Yesterday morning, I heard and saw it for myself. I felt the tension almost immediately. First, one women passed our group shaking her head in disdain. Then, another woman spat in our direction. Yet another woman yelled “chazir [pig]” and another yelled “yimach shemam [may their name be erased].”
Right next to our group stood a charedi-looking woman reading from a book of Psalms. I naively thought to myself, “that’s so nice, she probably just saw a group of women davening and so she is just davening near us.” How wrong I was. When I got closer, I realized that she was repeating the same verse over and over again: “Shefoch chamatcha al hagoyim asher lo yedaocha [Pour out Your wrath upon the nations who do not know You].” She said the words “al hagoyim” loudly and fervently as she looked up from her book and gestured in our direction.
I couldn’t concentrate. I was shaken. I didn’t know what to do. Should I say something? Should I tell someone? Should I yell back? Should I try to reason with them? Should I try to explain?
I did nothing but try to continue praying.
I had also read and heard about disturbances from the men’s section but had never experienced any myself. This morning, no men cursed or threw chairs at us. But, in some way I would have preferred that to what did happen.
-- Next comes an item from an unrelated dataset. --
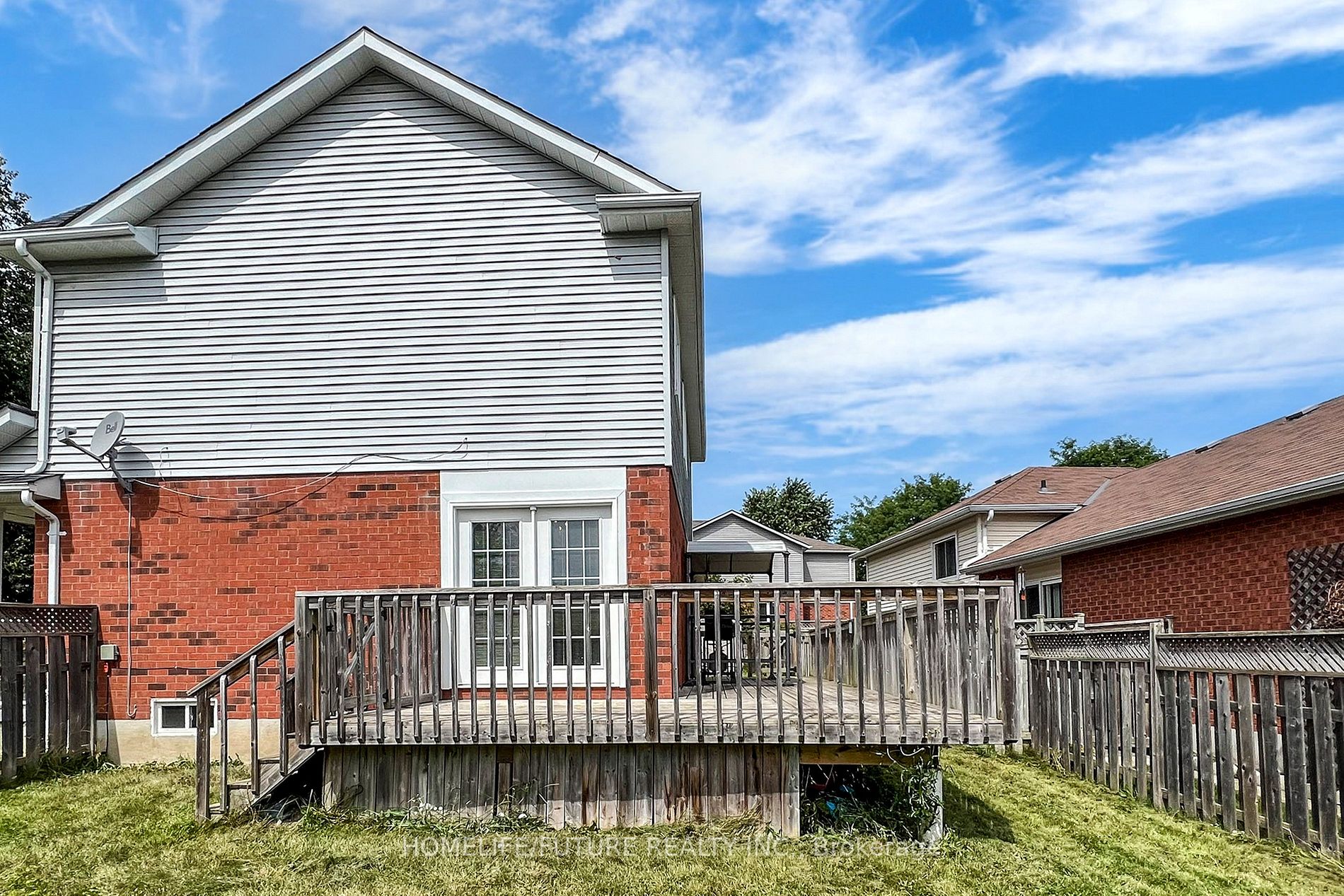 63 Stanford Cres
A group of men gathered near our service, intentionally screaming their prayers in an attempt to drown out our singing of Hallel. They were so aggressive that the police on the men’s side had to guard the men who had come in support of Women of the Wall. In the months past, I had heard loud singing coming from the men’s section. At times, it was even disruptive to our own singing. But, it was clear from the tone that it had nothing to do with our presence; they were merely davening with joy and passion. Yesterday the tone was angry, malicious, and oppositional. Although they were outwardly praying to God, it was clear that they were really cursing us. To me, it felt more painful and offensive than throwing a chair. It was an abuse of tefillah, a hateful corruption of holy words.
Then, after Hallel, Anat Hoffman, chairwoman of Women of the Wall, grasped the hands of two other women to begin a round of joyous dancing, apropos of Adar. Immediately, “our” policeman shut her down. I heard him say “it is assur [forbidden] for women to dance at the Kotel.” What? Just last month, we danced at the Kotel – no problem! Now, one month later, it is suddenly “assur?” There is and has never been such a law, ruling, or custom. It seemed like we had reached a whole new level of absurdity. Later, Anat quoted from Sefer Shemot[the book of Exodus], “Miriam the prophetess, Aaron’s sister, took a tambourine in her hand, and all the women followed her, with tambourines and dancing.” There could not be a better precedent.
After the services, I was interviewed by a doctoral student for her thesis. When I said that I felt the men had used prayer in an impure fashion, she asked “isn’t that exactly what your opponents accuse you of – of having ulterior motives while praying?” After three months of praying with Women of the Wall, I felt confident to answer this challenge. I have now met for myself the women who come to the Kotel at seven in the morning from Jerusalem, Rehovot, Beer Sheva, Chicago, Melbourne, and Johannesburg. These women come to pray in a community of women, at the Kotel, to God. Is our presence at the Kotel a political act? Yes, but only because of the rules that have been created to prevent us from doing so. The prayers of the women who join Women of the Wall are not spiteful or hateful. They are sweet and joyous. And, they are – even after 22 years – hopeful. Hopeful that one day equality, cooperation, and acceptance will prevail in Israel and in Jerusalem.